▸ **INFORMATION SUPPLIED**:
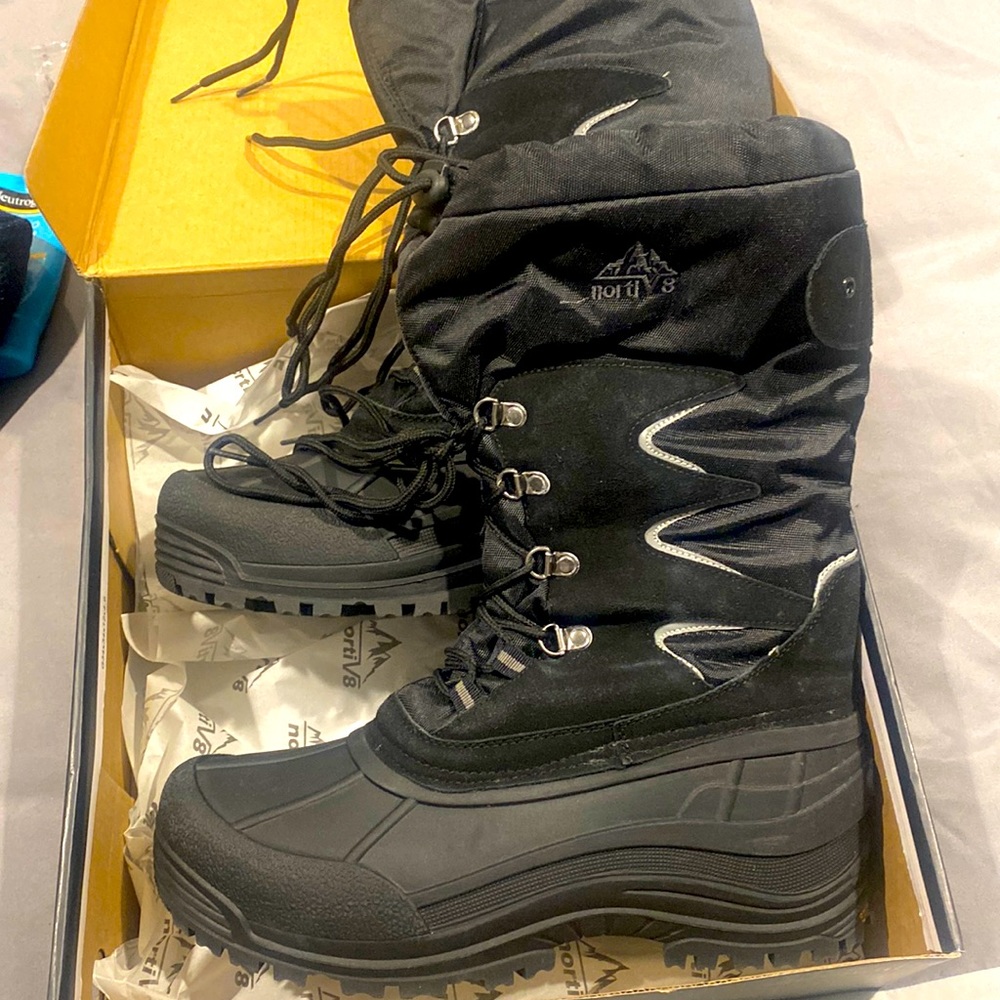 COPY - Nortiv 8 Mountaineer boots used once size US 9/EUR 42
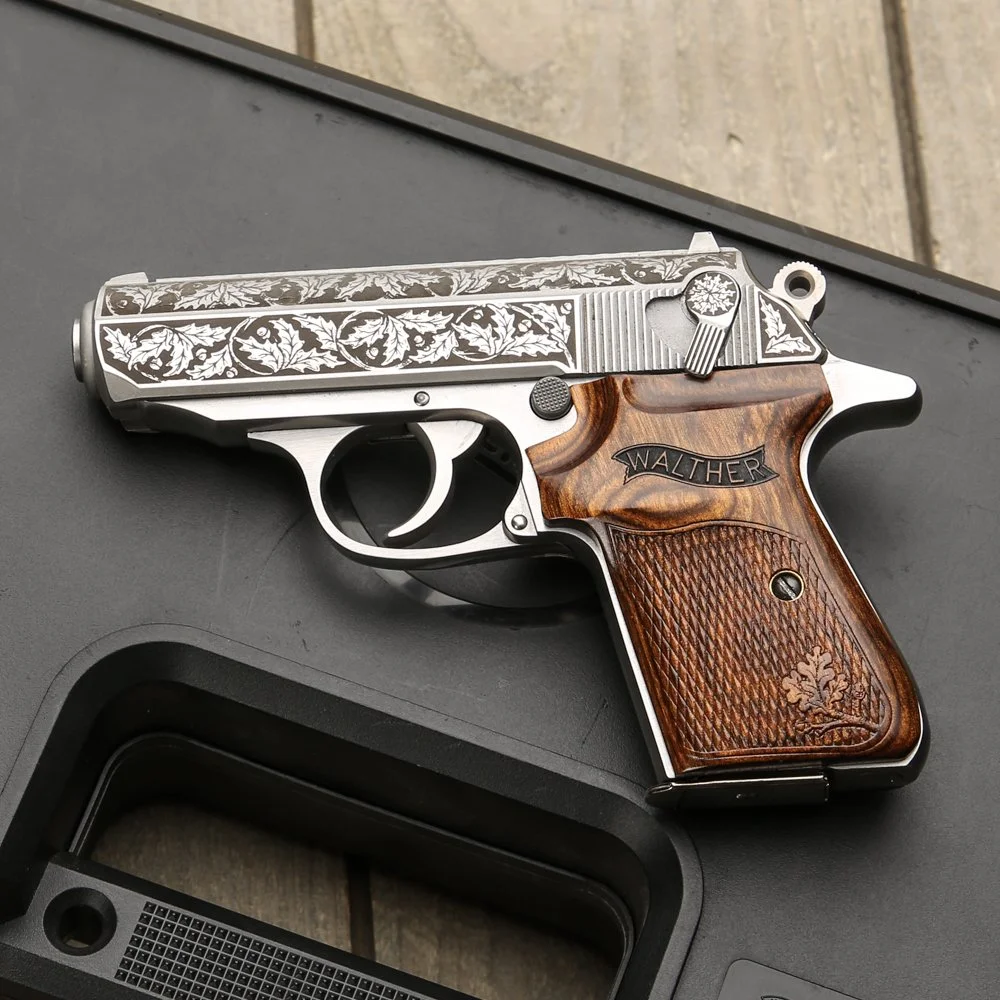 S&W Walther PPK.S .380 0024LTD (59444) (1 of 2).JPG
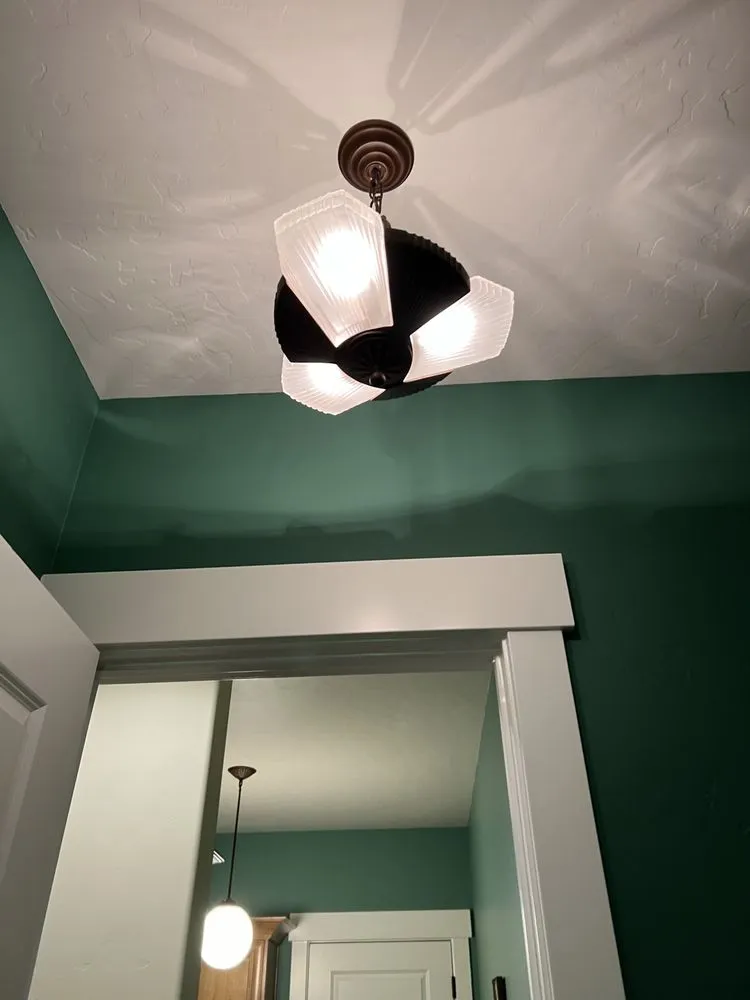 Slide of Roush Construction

* * *

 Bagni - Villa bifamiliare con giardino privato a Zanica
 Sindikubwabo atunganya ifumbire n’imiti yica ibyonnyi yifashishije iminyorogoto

▸ **ACTIVITY**: Look above for the line with "COPY - Nortiv" and the line with "Slide of Roush Construction", then copy them and all lines in between exactly as written, and only those, without any pictures.

▸ **SOLVED PROBLEM**:
 COPY - Nortiv 8 Mountaineer boots used once size US 9/EUR 42
 S&W Walther PPK.S .380 0024LTD (59444) (1 of 2).JPG
 Slide of Roush Construction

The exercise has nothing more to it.